= RECORDS FOR THIS EXERCISE =
────────────────
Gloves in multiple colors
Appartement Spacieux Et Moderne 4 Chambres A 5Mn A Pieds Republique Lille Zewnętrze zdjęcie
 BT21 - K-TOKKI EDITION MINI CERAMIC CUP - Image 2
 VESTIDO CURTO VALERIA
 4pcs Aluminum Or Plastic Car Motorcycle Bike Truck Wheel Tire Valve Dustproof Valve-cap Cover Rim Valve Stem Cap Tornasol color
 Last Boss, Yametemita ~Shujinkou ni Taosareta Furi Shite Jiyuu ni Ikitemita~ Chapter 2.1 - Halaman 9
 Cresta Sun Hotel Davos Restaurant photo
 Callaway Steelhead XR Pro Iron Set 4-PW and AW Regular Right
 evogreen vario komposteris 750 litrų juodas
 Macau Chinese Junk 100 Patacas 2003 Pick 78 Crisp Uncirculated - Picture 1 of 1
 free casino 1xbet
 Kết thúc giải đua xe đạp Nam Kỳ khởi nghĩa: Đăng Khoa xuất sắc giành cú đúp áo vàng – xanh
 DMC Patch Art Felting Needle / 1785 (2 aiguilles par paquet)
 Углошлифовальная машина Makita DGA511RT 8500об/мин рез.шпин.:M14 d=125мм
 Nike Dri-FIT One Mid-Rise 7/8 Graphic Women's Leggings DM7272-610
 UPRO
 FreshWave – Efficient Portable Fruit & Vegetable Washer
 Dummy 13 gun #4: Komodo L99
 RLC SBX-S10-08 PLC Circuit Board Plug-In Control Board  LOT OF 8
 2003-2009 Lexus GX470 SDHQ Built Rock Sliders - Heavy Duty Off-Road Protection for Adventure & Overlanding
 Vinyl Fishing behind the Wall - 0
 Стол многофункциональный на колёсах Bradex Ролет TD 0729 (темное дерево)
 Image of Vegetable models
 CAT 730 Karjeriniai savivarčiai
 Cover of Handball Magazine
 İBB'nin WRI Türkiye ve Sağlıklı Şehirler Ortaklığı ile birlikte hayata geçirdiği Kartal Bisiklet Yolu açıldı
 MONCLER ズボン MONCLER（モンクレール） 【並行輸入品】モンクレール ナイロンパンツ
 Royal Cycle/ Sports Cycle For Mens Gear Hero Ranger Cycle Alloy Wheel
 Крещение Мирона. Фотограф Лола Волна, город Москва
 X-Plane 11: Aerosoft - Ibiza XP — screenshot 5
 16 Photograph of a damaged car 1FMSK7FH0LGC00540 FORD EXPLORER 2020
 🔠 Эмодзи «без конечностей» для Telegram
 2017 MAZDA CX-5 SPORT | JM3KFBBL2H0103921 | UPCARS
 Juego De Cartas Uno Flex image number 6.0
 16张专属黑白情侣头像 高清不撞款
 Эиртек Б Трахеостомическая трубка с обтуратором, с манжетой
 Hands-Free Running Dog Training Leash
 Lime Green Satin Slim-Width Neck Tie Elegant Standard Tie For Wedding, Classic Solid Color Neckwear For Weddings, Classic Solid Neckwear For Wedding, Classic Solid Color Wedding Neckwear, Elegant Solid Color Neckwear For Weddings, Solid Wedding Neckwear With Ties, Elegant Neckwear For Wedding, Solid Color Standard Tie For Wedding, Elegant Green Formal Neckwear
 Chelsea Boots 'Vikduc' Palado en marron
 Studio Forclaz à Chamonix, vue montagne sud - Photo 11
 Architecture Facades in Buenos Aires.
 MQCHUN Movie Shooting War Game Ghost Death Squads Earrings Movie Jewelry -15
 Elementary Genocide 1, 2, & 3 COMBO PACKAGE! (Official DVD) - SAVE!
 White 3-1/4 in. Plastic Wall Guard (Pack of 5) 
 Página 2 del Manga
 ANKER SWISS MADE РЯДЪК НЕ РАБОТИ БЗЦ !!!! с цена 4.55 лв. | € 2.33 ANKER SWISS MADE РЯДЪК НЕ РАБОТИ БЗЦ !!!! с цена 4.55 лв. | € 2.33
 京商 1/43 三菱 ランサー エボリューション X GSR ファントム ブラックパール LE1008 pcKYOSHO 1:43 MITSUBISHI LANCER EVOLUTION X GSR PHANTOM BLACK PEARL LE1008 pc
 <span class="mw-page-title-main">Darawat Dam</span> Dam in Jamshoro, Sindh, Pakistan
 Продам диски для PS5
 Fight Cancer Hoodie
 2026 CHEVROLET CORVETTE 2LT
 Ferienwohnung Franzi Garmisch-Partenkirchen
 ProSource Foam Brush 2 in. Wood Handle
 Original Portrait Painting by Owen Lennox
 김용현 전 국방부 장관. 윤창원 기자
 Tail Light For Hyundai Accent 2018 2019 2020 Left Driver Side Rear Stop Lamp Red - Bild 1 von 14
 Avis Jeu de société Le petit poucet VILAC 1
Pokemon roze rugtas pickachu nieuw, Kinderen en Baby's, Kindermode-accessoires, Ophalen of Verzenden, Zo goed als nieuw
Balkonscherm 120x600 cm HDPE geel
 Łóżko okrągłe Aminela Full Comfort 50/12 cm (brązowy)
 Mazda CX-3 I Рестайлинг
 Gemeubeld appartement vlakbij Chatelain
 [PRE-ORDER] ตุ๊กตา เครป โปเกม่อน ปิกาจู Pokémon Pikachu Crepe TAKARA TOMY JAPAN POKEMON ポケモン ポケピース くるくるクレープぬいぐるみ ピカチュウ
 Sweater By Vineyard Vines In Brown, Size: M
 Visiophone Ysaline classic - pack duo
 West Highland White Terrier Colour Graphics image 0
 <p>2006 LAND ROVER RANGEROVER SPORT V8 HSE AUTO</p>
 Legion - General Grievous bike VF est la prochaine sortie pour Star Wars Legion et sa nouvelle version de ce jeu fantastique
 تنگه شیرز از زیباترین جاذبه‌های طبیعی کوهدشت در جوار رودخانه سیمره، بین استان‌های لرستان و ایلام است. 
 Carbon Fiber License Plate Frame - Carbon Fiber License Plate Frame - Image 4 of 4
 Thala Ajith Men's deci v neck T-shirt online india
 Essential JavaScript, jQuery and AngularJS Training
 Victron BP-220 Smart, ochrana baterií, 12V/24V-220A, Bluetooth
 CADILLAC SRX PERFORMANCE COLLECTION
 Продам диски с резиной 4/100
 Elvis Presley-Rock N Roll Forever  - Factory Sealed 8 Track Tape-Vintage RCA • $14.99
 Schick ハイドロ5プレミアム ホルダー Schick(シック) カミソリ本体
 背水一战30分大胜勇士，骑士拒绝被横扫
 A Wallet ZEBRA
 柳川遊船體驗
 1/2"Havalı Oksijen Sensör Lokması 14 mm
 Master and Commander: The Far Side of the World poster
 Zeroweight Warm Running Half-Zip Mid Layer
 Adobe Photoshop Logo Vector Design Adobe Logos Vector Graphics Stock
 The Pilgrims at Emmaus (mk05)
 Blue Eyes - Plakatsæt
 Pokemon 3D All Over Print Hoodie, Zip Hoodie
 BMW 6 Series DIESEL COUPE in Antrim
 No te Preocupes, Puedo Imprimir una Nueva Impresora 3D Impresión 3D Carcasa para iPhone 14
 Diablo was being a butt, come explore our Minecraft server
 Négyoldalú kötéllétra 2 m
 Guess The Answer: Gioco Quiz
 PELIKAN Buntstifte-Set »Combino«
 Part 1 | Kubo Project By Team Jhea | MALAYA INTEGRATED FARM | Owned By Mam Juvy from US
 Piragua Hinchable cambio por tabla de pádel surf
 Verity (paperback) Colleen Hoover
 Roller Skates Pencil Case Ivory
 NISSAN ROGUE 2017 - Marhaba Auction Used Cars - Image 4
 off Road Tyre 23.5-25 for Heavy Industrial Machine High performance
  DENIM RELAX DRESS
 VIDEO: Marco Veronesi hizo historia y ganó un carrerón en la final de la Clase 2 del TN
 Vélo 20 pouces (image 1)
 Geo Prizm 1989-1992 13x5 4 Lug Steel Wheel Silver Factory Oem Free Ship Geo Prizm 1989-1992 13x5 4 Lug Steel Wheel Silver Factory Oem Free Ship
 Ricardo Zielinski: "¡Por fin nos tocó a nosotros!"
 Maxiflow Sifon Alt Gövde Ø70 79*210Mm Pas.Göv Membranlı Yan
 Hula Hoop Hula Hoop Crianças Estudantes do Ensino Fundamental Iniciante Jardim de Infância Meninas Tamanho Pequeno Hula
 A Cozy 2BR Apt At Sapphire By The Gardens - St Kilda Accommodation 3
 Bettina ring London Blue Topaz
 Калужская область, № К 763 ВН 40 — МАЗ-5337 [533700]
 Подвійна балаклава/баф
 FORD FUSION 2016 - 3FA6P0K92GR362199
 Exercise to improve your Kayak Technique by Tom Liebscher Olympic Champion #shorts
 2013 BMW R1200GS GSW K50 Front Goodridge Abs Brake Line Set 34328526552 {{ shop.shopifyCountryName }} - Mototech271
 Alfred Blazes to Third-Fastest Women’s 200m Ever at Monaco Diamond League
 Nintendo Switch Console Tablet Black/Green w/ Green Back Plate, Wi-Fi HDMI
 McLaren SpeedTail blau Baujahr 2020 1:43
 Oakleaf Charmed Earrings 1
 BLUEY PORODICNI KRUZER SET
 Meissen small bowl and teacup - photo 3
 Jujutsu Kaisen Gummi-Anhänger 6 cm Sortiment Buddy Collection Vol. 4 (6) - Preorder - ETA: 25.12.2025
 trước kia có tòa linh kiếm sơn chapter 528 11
────────────────
= GOAL OF THE EXERCISE =
Start with the line above that contains "CAT 730 Karjeriniai savivarčiai" and end with the line that contains "Hands-Free Running Dog Training Leash". Write out those lines exactly, and only those.

= TASK ANSWER =
 CAT 730 Karjeriniai savivarčiai
 Cover of Handball Magazine
 İBB'nin WRI Türkiye ve Sağlıklı Şehirler Ortaklığı ile birlikte hayata geçirdiği Kartal Bisiklet Yolu açıldı
 MONCLER ズボン MONCLER（モンクレール） 【並行輸入品】モンクレール ナイロンパンツ
 Royal Cycle/ Sports Cycle For Mens Gear Hero Ranger Cycle Alloy Wheel
 Крещение Мирона. Фотограф Лола Волна, город Москва
 X-Plane 11: Aerosoft - Ibiza XP — screenshot 5
 16 Photograph of a damaged car 1FMSK7FH0LGC00540 FORD EXPLORER 2020
 🔠 Эмодзи «без конечностей» для Telegram
 2017 MAZDA CX-5 SPORT | JM3KFBBL2H0103921 | UPCARS
 Juego De Cartas Uno Flex image number 6.0
 16张专属黑白情侣头像 高清不撞款
 Эиртек Б Трахеостомическая трубка с обтуратором, с манжетой
 Hands-Free Running Dog Training Leash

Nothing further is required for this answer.